= José Sevenants =

Belgian composer and pianist (1868–1946)

José Sevenants (Brussels, 25 August 1868 - 10 December 1946) was a Belgian pianist, composer, and teacher.

== Biography ==

José Sevenants was a pupil at the Royal Conservatory of Brussels where he studied piano with Arthur De Greef (receiving a premier prix in 1891 ), harmony with Joseph Jongen and counterpoint with Hubert-Ferdinand Kufferath. Following his studies, he became a concert pianist and later, an assistant piano instructor at the Royal Conservatory of Brussels in 1924, where he seconded Charles Scharrès until 1933. His better known students included Franz Constant, Marcel Poot, and André Dumortier.

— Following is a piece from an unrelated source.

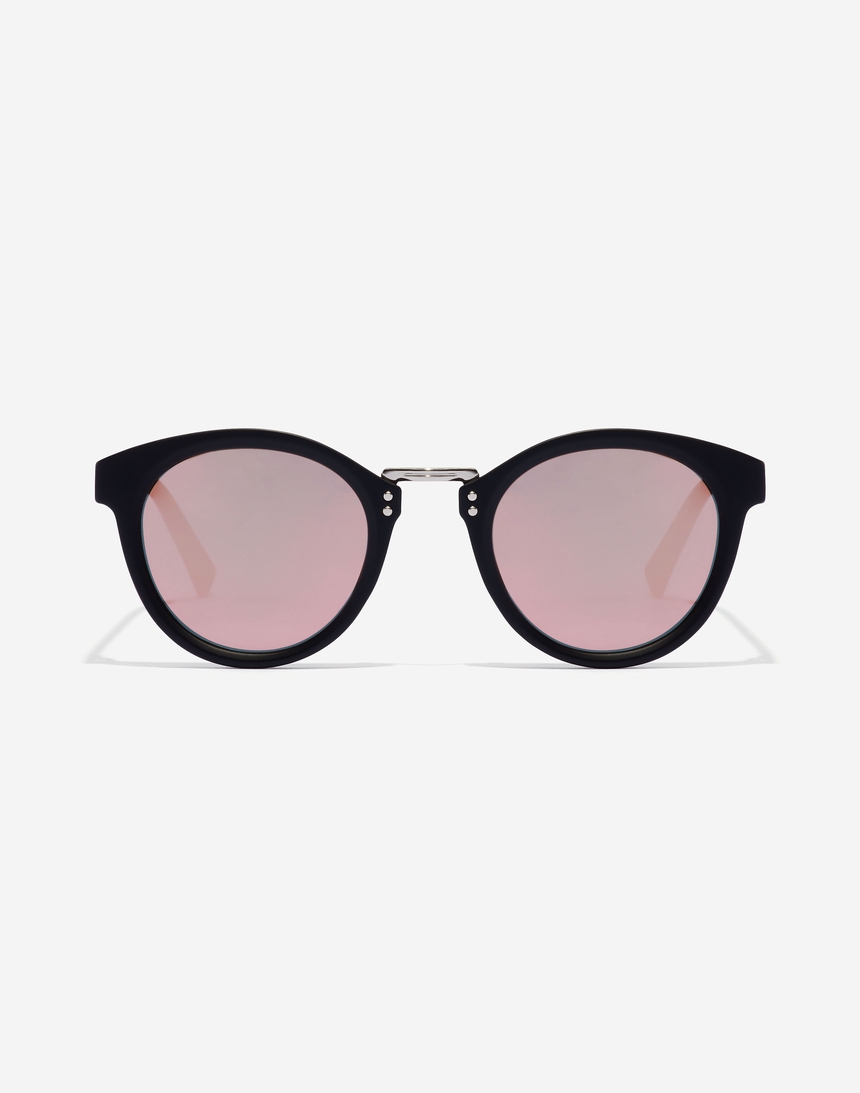 Hawkers WHIMSY - ROSE GOLD master image number 0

As composer, Sevenants’s works are impressionistic and similar in style to the music of Ravel and Debussy, including titles such as Le Jardin enchanté, Humoresque, and Pan et les Nymphes. Most of his works were published by the Brussels publisher L'Art Belge and its successor, Bosworth.

Sevenants was a piano teacher. He was the author of the pedagogical volume Le Mécanisme pianistique contemporain, also published by L’Art Belge.

José Sevenants was Fernand Sevenants’s father and Marc Danval’s grandfather, both of whom became renowned figures in Belgian musical life.